Like any town, Victoria has a number of urban legends that a person is exposed to while growing up. One such myth is, of course, the mythical tunnels which run beneath the city streets (a large part of these are likely part of the city’s old storm drain network) while another is that of a secret cave which exists within Mt Doug park. A UER.ca thread had cracked the first urban myth of the secret tunnels, so I figured it was time to investigate this other long standing urban legend.
Mt Doug park is a large 188 hectare urban park. The park exists within the municipality of Saanich and is a unique example of a forest within the suburbs. In addition to the forest the park boasts a beach, some great hiking trails and a mountain with spectacular views of the city. On one of these mountain hiking trails there was supposed to be a cave – for anyone brave enough to attempt the tiny opening!

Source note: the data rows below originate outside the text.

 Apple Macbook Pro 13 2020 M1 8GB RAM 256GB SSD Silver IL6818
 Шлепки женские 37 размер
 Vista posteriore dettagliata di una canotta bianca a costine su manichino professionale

While I was prepared to start my search by sifting through loads of online information and analyzing hiking maps and satellite imagery, I was able to bypass all that – an old friend of mine reportedly knew the exact location having visited it as a kid. Finally, a break! We took advantage of a beautiful Saturday afternoon to head into the park and retrace my friend’s steps from many years ago.
The hike up the mountain was challenging, but not the most difficult hike I had been on. The park is a popular hiking spot and there are many different trails that cris-cross the area. Following the trip I examined hiking maps of the park and discovered that our chosen path was actually one of the most difficult trails in the system. I had a lot of fun on this trip and will be making a return to this unique park, and it’s good to know I had already tackled the worst it had to offer.

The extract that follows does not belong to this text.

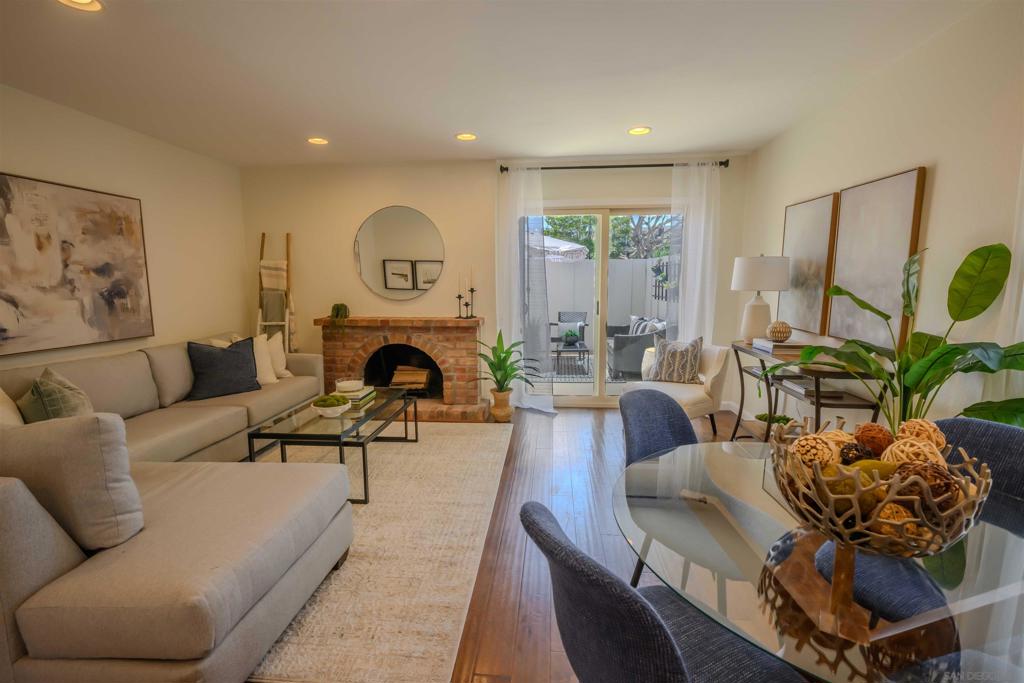 4202 Loma Riviera Ln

Our journey up the mountain to our first stop took around 10 minutes. As I mentioned, the going was tough, but not impossibly so. The broken rocks underfoot made for treacherous walking, and at times the climb was fairly steep. After being under the tree canopy for a while, it was a surprise when we emerged from the forest onto the rock face of the mountain and the views were spectacular! We paused here for a few minutes to rest at a conveniently placed bench and take it all in; from one coast to another we could see the entire city unfold below us!

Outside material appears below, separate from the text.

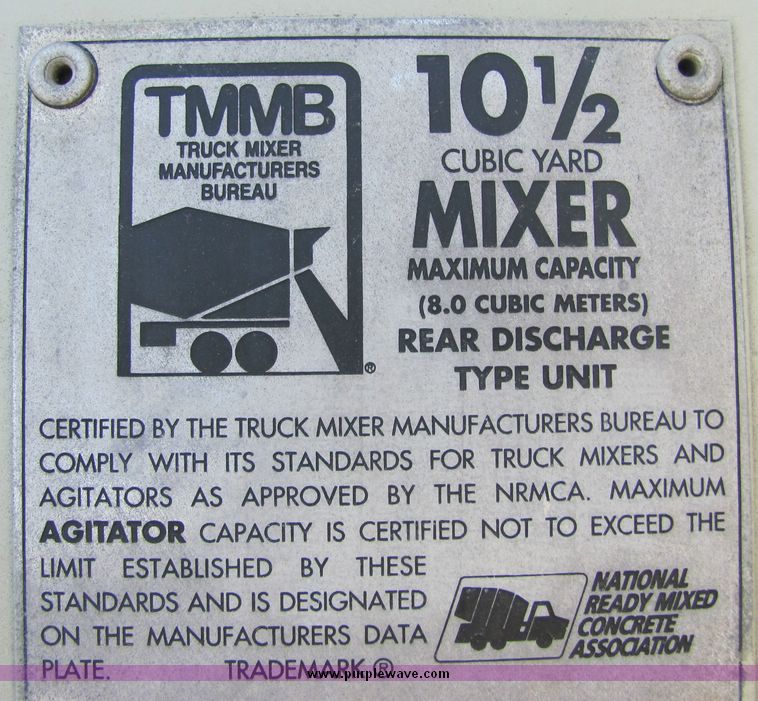 image for item 3423 1994 Ford LT8000 concrete truck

Once we had our fill of the view we turned back to the trail and descended back into the tree canopy.
The next part of our journey was much easier, the rocks were stable and the going much gentler. While the trail itself was difficult to find at times, we made quick progress and before long found ourselves gazing towards two trees which my friend insisted marked a clearing where the cave could be found. We turned back to the trail and wound our way towards the trees eager to proceed to the cave’s entrance.
Before too long our trail opened up into a clearing where some kids were playing a hide and seek game. While I was looking around, trying to get my bearings, I heard my friend talking to one of the adults; “are you guys here for the cave?” It was with quite some surprise that I turned around and saw it – a tiny opening in the ground! If it wasn’t for my friend I would have walked right past it! While the other group was definitely not interested in the cave, the same could not be said for ourselves. I took my backpack off and and rolled up my sleeves to see what we were dealing with.
Throughout my various draining adventures I have found myself in some pretty small spaces, however, none of them compared to the tight opening of this cave. While I can crawl through a 900mm drain, the opening to this cave was smaller – I estimated it was probably only about 700mm high – too small for me to crawl into, which meant it was time to get on my belly and slide!
I was glad I brought knee pads on this trip, and regretted not bringing elbow pads. I found the best way of pulling myself through the opening was to lie on my stomach and use my elbows and knees to propel myself into the inky blackness. The entrance passage was about 20ft long after which the cave opened up significantly. It still wasnt tall enough to stand, but I could squat with comfort.
The cave continued on for another 50 or so feet before terminating in a flat wall. The shape was somewhat rectangular and definitely didn’t look to be naturally occurring. Follow-up research after the fact indicated this was the entrance to an old copper mine, long since decommissioned and sealed off.
I was pleasantly surprised by the lack of graffiti and garbage inside the shaft. While it’s easy to miss and somewhat difficult to access, the fact that it was so well known meant it was surely frequented by teens and kids who are not known for their respect of their surroundings. We hung out in the tunnel for about 5 minutes, finding a couple of larger rocks to sit on. Afterwards, we decided to head out and began the belly crawl back to the outside.
While the cave at Mt Doug isn’t terribly exciting, it’s still a cave, which in my books makes it worthwhile to see. As long a claustrophobia isn’t an issue the relative accessibility means it’s a trip worth taking!